Required action: Reproduce the lines below verbatim. Pictures are to be omitted.

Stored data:

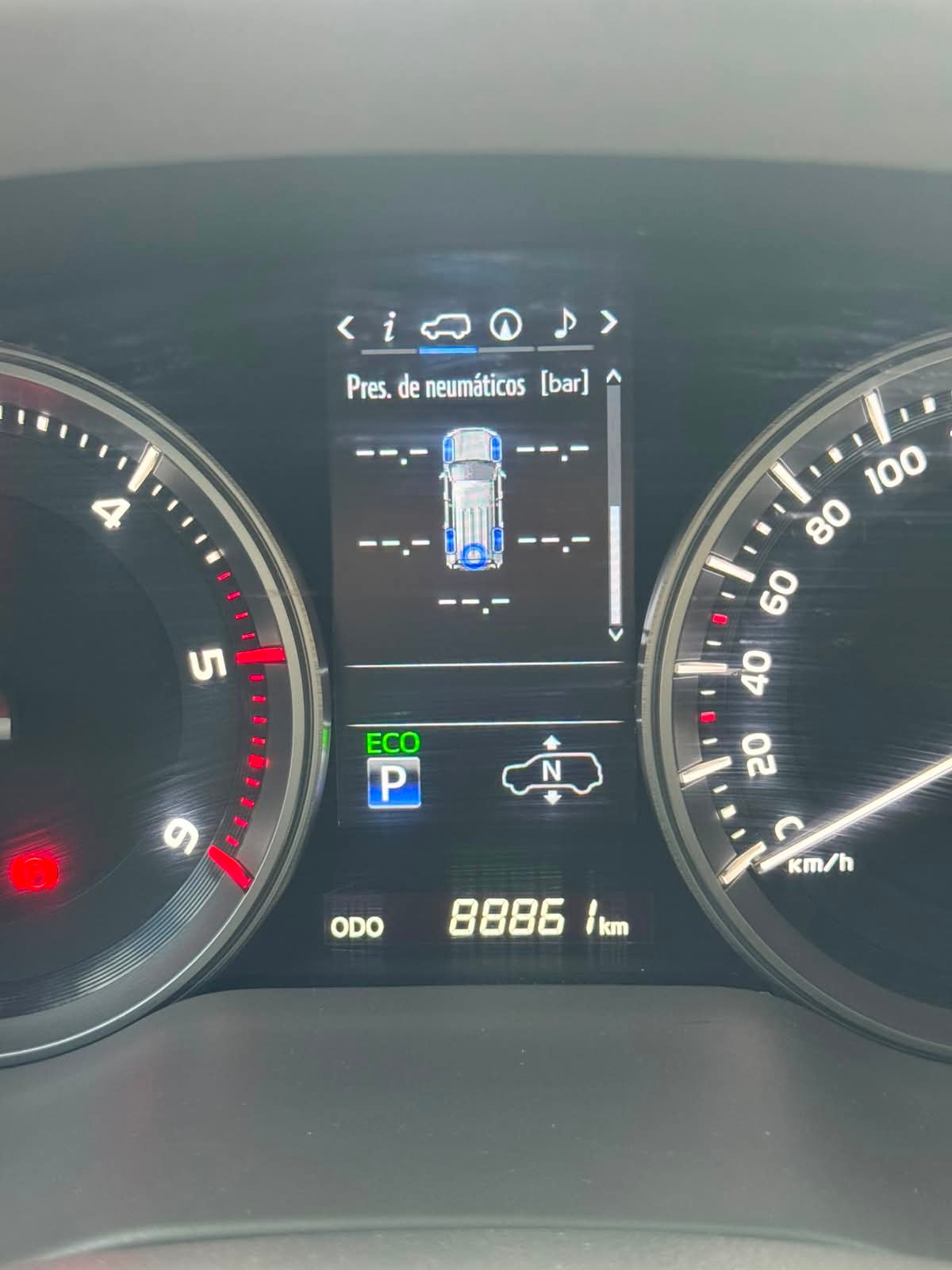 TOYOTA LANDCRUISER EXECUTIVE LOUNGE 2019 - Imagen 9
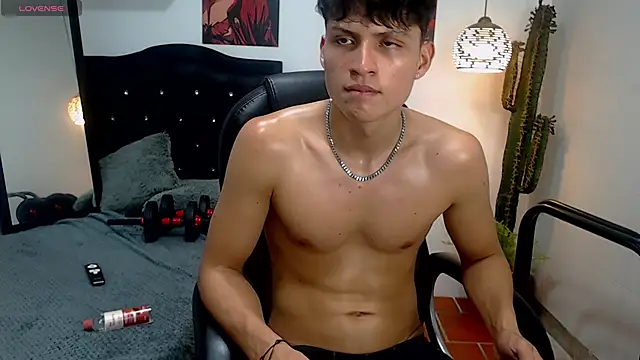 Snapshot of drago_ivan chatting on May 22, 8:36 pm drago ivan online show from May 22, 8:36 pm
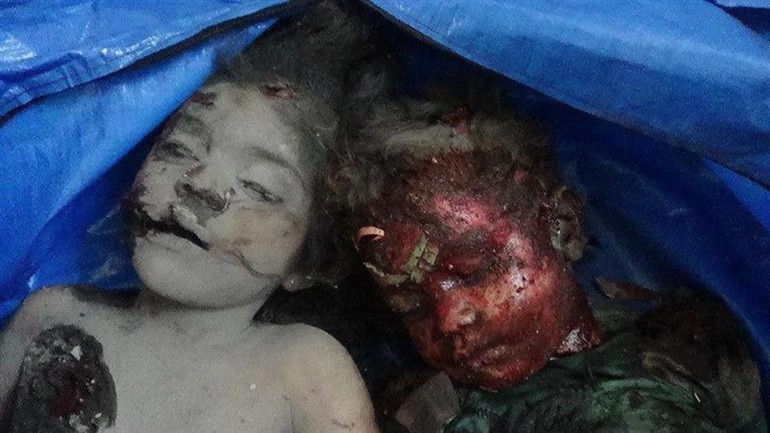 صورة بثتها شبكة شام الاخبارية لاثنين من الاطفال الذين قتلوا في الغارة على حي القابون امس 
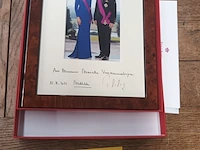 Lot 180 - foto koningshuis gesigneerd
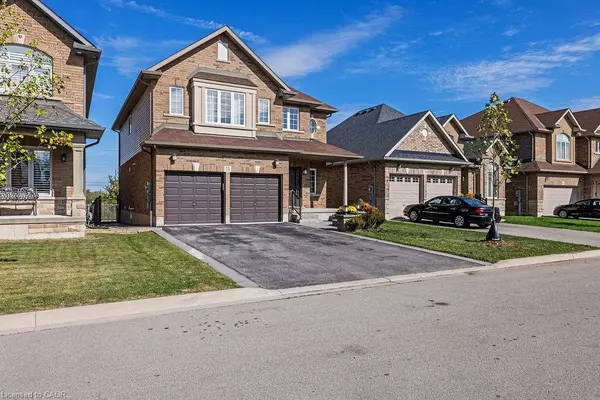 75 Boulder Crescent, Hannon, ON L0R 1P0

Solution to this problem:
 TOYOTA LANDCRUISER EXECUTIVE LOUNGE 2019 - Imagen 9
 Snapshot of drago_ivan chatting on May 22, 8:36 pm drago ivan online show from May 22, 8:36 pm
 صورة بثتها شبكة شام الاخبارية لاثنين من الاطفال الذين قتلوا في الغارة على حي القابون امس 
 Lot 180 - foto koningshuis gesigneerd
 75 Boulder Crescent, Hannon, ON L0R 1P0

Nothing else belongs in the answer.